Grosu/Smolka: Monte Carlo Model Checking

Monte Carlo Model Checking*

Radu Grosu and Scott A. Smolka

We present MC$ ^2$ , what we believe to be the first randomized, Monte Carlo algorithm for temporal-logic model checking. Given a specification $ \small\tt S$ of a finite-state system, an LTL formula $ \small\tt\varphi$, and parameters $ \small\tt\epsilon$ and $ \small\tt\delta$, MC$ ^2$ takes $ \small\tt M=\ln(\delta)/\ln(1-\epsilon)$ random samples (random walks ending in a cycle, i.e lassos) from the Büchi automaton $ \small\tt B=B_S \times B_{\neg\varphi}$ to decide if $ \small\tt L(B)=\emptyset$. Let $ \small\tt p_Z$ be the expectation of an accepting lasso in $ \small\tt B$. Should a sample reveal an accepting lasso $ \small\tt l$, MC$ ^2$ returns false with $ \small\tt l$ as a witness.
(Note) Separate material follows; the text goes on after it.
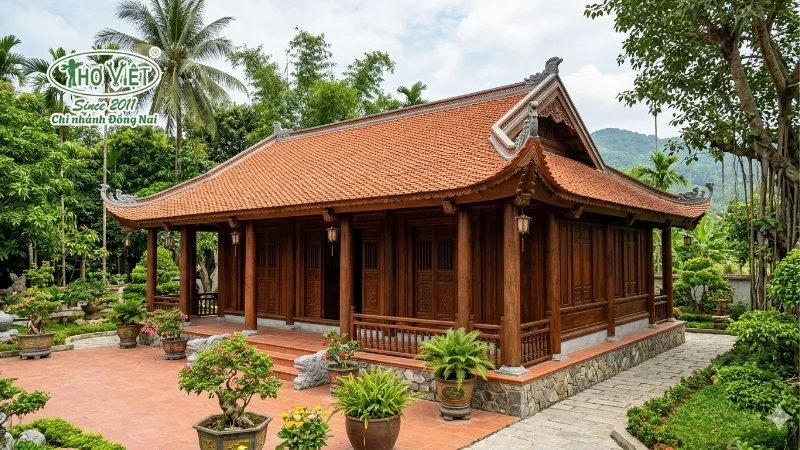 mẫu nhà gỗ 3 gian đẹp chuẩn kiến trúc Việt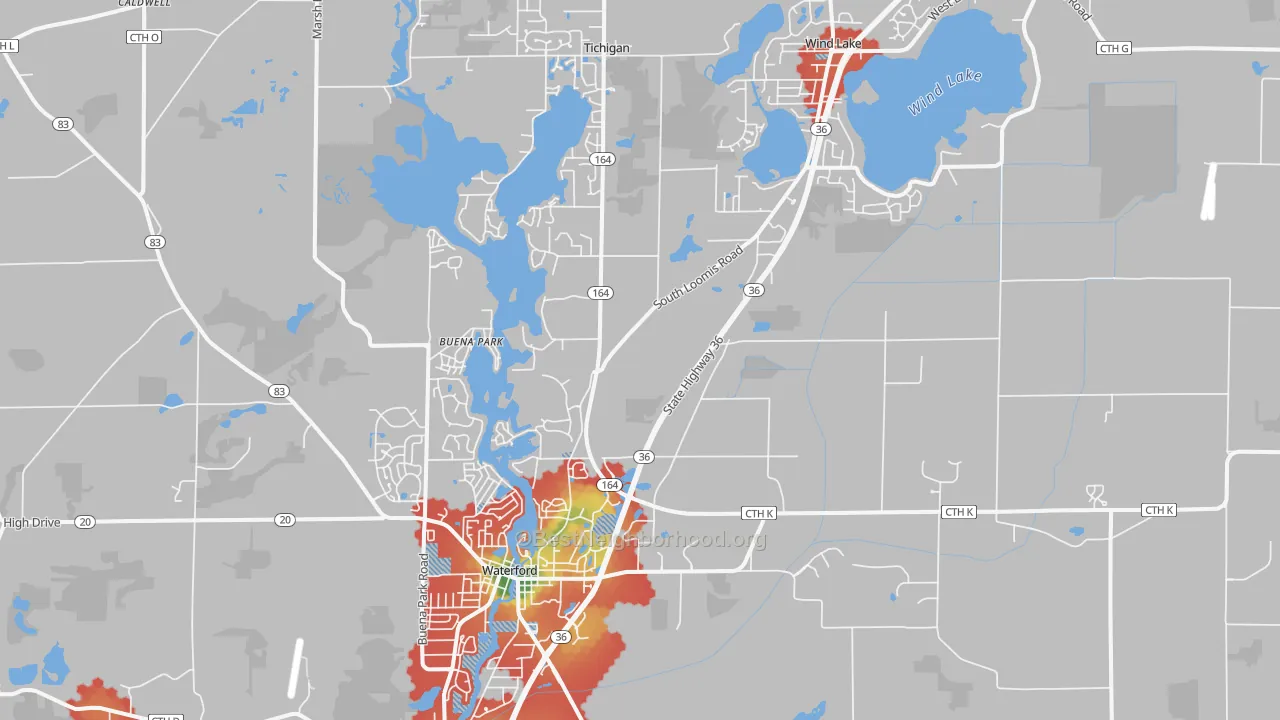 Walk Grade map of Waterford, WI, walkable areas in green and car-dependent areas in red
Otherwise, it returns true and reports that the probability of finding an accepting lasso through further sampling, under the assumption that $ \small\tt p_Z\geq\epsilon$, is less than $ \small\tt\delta$. It does so in time $ \small\tt O(M{}D)$ and space $ \small\tt O(D)$, where $ \small\tt D$ is $ \small\tt B$'s recurrence diameter, using an optimal number of samples $ \small\tt M$. Our experimental results demonstrate that MC$ ^2$ is fast, memory-efficient, and scales extremely well.

In Proc. of TACAS'05, the 11th International Conference on Tools and Algorithms for the Construction and Analysis of Systems, April 2005, Edinburgh, UK.

*R. Grosu was partially supported by the NSF Faculty Early Career Development Award CCR01-33583.